(1) Control your breathing.
Sometimes things are just not fair. I read that the average human will take slightly above 672, 000, 000 breaths in a life time. That sum includes breaths taking while asleep. That sucks. What if that sum total of breaths was all a human had in a life time. I wouldn’t want it wasted in sleep.
I tell you what too, if each human was given an allotted amount of breaths in their life time, there’s a lot of people you wouldn’t waste a singular breath on. Think about that the next time some fuckwit gets you visibly huffy.
(2) American Television News.
This has to be the most ridiculous thing on television. It’s embarrassing.
(3) Putin and the “Slapping Law.”
This freakin guy. I swear this dude is from another planet. I hope–dear God I hope–a brawny woman name Olga “minorly” chokes the fuck out of a Vladimir.

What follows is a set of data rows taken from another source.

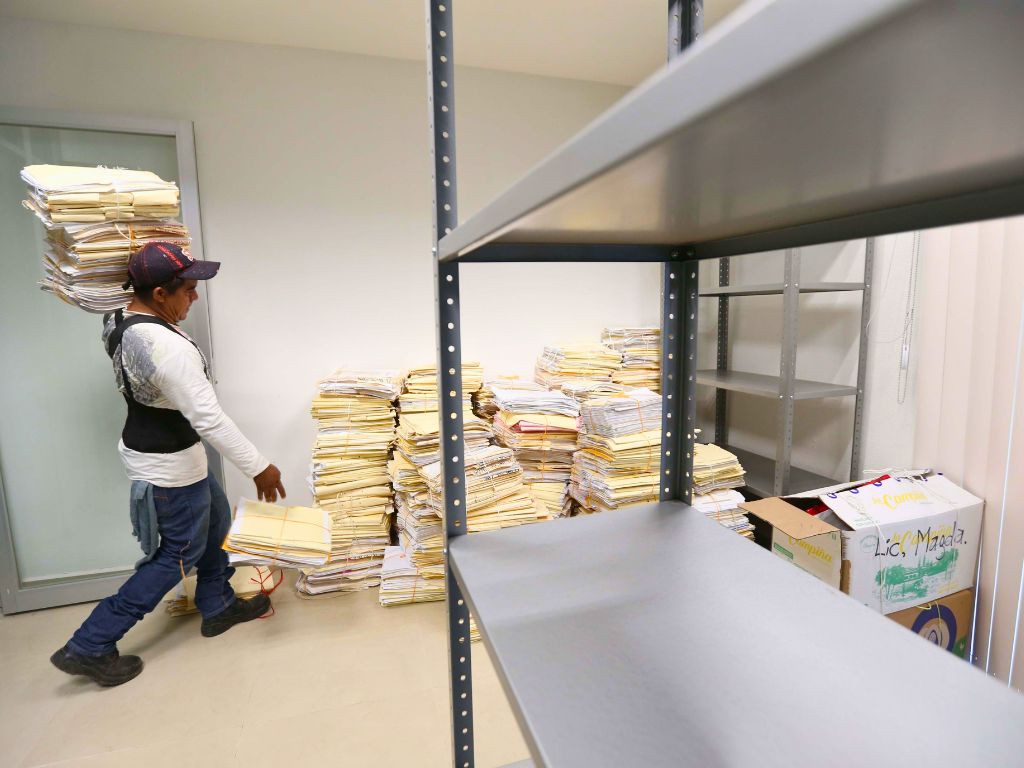 Las fiscalías enfrentan limitaciones de personal, coordinación y capacidades forenses en investigaciones de alto impacto.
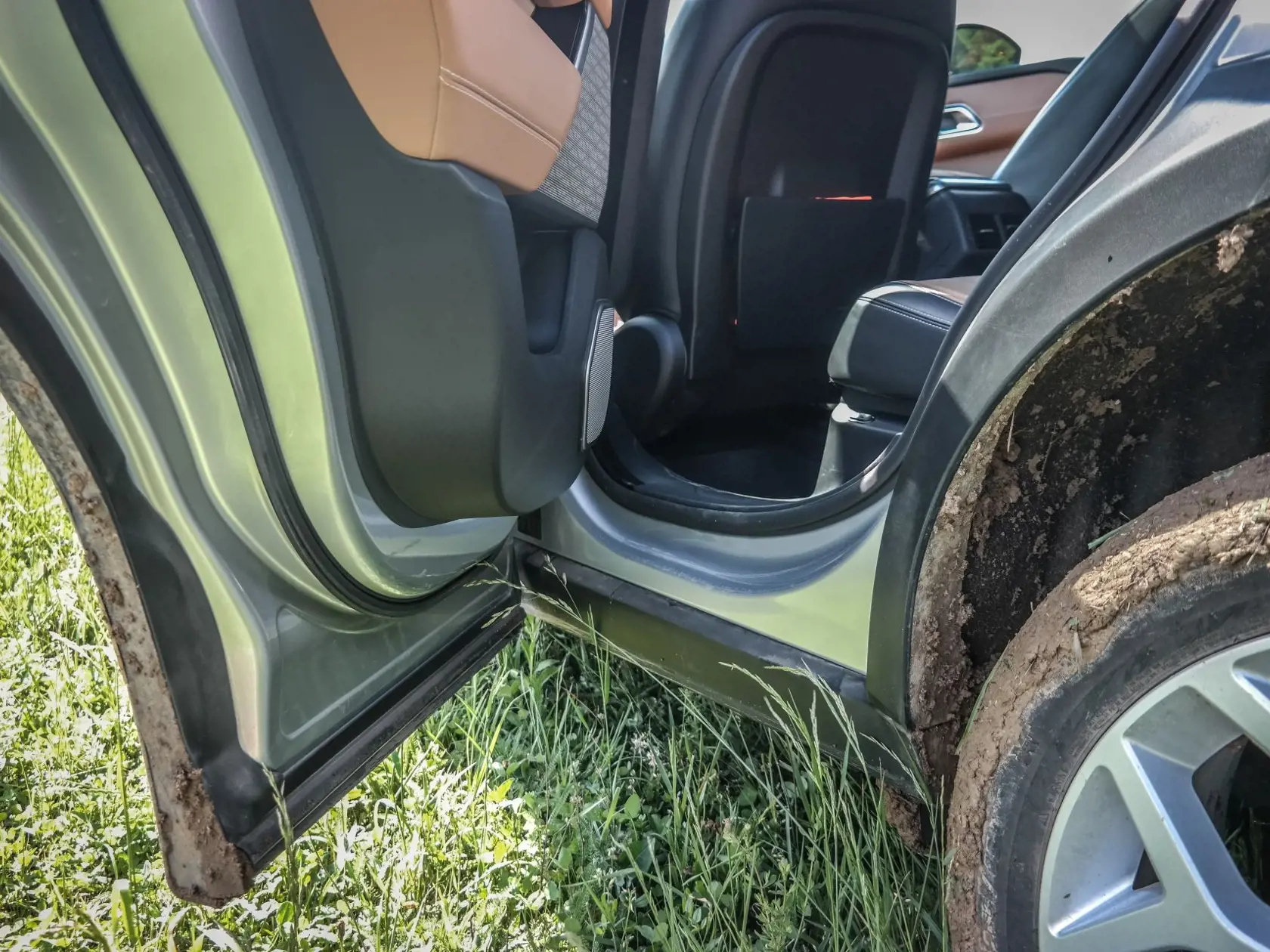 Velar je konštruovaný s prihliadnutím na off-roadové jazdenie - zadné prahy sa od blata nezašpinia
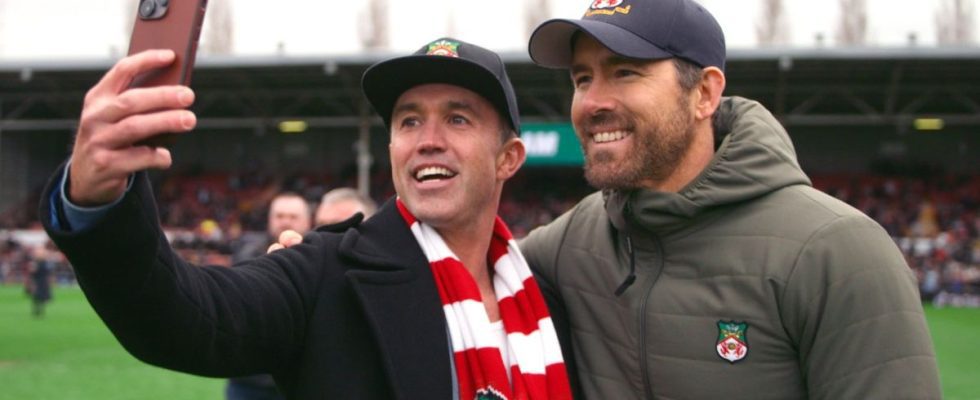 Rob McElhenney and Ryan Reynolds in Welcome to Wrexham.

(4) The Jay-Z–Beyonce conundrum.
There is no God. As long as I live I will never get over this. I will never understand it. How could Beyonce do this to me? Jay-Z, B? It is why you lost out to Adelle at the Grammy’s, the world is not racist, your husband is fucking ugly. Do you know how many other men you could take to Red Lobster?
(5) Angela Macuga face of fear?
If you watched the Super Bowl, you were privy to an emotion caught in real time. Pure. Fear. It happened during the overtime period when the Patriots were about to send a .50 caliber incendiary round through the heart of a franchise. Macuga’s husband, Author Blank (Owner of the Atlanta Falcons), looked already shot, dead. I don’t care what anyone says, that was not a look of concern for a husband heartbrokenness, that was a look of, oh fuck, this motherfucker is mad. I swear that woman feared for her life then and there. I am alleging that this dude pimp-hand is strong.
Watch this dude…Aint no “Slapping Laws” over here partner.